I'm in California only about an hour from Disneyland so it was perfect! I looked through many of the possible options. Many of them were full, required a long term commitment (which I can't give because I'm only here for a few months), or required extensive paperwork and application processes.
I finally found the one that was perfect for me. It was a volunteer judge position with the Save Me a Spot in College contest. All I had to do was read a batch of 30 written entries for this contest and submit my top three favorites. Easy enough right?
I found out this morning after I received and read my first batch that it is far from easy.
My particular batch of essays comes from a group of 8th grade children. A lot of whom are the first generation of their family to be born in this country. Even more of them have parents who did not get to go to college.
Now the task of picking only three out of 30 children hoping to go to college seems really, really hard. How do you decide which of these deserving and needing children gets an opportunity for a college scholarship? I only get to know about these kids in 400 words or less, and it is both not enough and way too much. Getting a scholarship to college could potentially change the lives of these students. How am I qualified to decide this?

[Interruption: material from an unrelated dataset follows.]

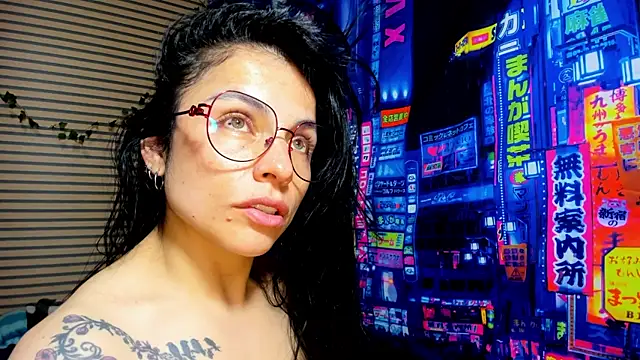 Snapshot of rosse_2504 chatting on March 2025 04:23:01 PM rosse 2504 online show from March 2025 04:23:01 PM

When I know what doors college has opened for me, I certainly cannot take the responsibility of giving a child a chance to go to college lightly.
Notes: These are paraphrased not direct quotes:
One essay said:
I bet you dreamed of going to college too. Now look at you! You reached your goals and now have the chance to give kids like me the same opportunity.
another said:
I want to prove that poor girls can graduate college just the same as rich girls.
One thing all the essays had in common was their complete faith in their ability to make a difference for good in this world. Almost every essay mentions how if they are able to go to college and make something of themselves they will benefit the entire state and its residents and improve the lives of their parents and their future children.
Nearly every essay also mentioned how their peers deserved to go to college as well. While they were competing for a scholarship, hardly any of the essays focused only on the writer. They used a collective we:
We deserve to go to college.
We can change the world.
We can have a better life with more opportunities than our parents.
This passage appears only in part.